In simplified terms, I get
Dict("A" => "C + (1.0,2.0)", "B" => "A + (3.0,5.0)", "C" => "(-10.0,10.0)")
and need to turn that into
C = rand(Uniform(-10.0,10.0)); A = C + rand(Uniform(1.0,2.0)); B = A + rand(Uniform(3.0,5.0));
Since I was lazy, I just stored the Dict and used eval to do the basic math for me whenever I needed to sample these values.
(But then, plot-twist, we increased the size of the simulations dramatically. Suddenly, this unimportant part of the code got me into big trouble.)

It turned out that 99% of the allocations were spent on occursin(::String,::String) :slight_smile: so, I am fixing that right now. Always a fun adventure to find allocations :smiley:

1 Like

It is always interesting, because I always learn by what others are trying to do and frequently someone has a bright idea on how to do that.
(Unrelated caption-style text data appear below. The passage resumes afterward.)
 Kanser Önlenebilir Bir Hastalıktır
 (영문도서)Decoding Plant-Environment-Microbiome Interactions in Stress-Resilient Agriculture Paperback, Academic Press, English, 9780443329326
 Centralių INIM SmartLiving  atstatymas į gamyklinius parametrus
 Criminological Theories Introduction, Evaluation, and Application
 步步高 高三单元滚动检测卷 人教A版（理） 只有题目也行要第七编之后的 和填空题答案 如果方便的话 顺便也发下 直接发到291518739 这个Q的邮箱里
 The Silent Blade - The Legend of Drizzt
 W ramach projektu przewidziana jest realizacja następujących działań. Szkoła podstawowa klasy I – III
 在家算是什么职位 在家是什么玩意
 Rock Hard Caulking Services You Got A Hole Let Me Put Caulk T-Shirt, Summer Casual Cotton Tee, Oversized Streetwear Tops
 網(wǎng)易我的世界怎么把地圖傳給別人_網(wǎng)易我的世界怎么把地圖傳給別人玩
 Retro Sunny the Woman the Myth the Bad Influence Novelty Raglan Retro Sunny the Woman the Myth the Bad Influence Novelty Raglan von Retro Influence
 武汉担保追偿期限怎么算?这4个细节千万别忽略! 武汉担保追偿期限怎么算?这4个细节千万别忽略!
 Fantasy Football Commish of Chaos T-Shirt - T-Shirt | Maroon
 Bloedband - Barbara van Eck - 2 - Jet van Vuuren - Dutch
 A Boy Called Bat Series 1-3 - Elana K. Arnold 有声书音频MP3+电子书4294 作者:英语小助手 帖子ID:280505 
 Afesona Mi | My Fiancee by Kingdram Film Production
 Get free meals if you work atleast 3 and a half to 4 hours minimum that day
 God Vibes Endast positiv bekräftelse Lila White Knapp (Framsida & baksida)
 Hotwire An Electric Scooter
In that case, probably the fancy way to do it is to write your own parser, but I understand that that is complicated indeed, depending on how general the inputs need to be.

I’m a Julia noob so I don’t know if this is possible, but maybe you can convert the dict into a function ahead of time:

function dict2function(input_dict)
    #parse the input dict using Meta.parse
    #combine the expressions
    #return the combined expressions as a function
end

then use the generated function in your simulate function

3 Likes

It is both possible, and a much better approach.

Yes, you are right, I implemented something like that and got that part almost entirely allocation free now.
(It was quite a lot of work, but now my RAM doesn’t explode or slow down! :smiley: )

1 Like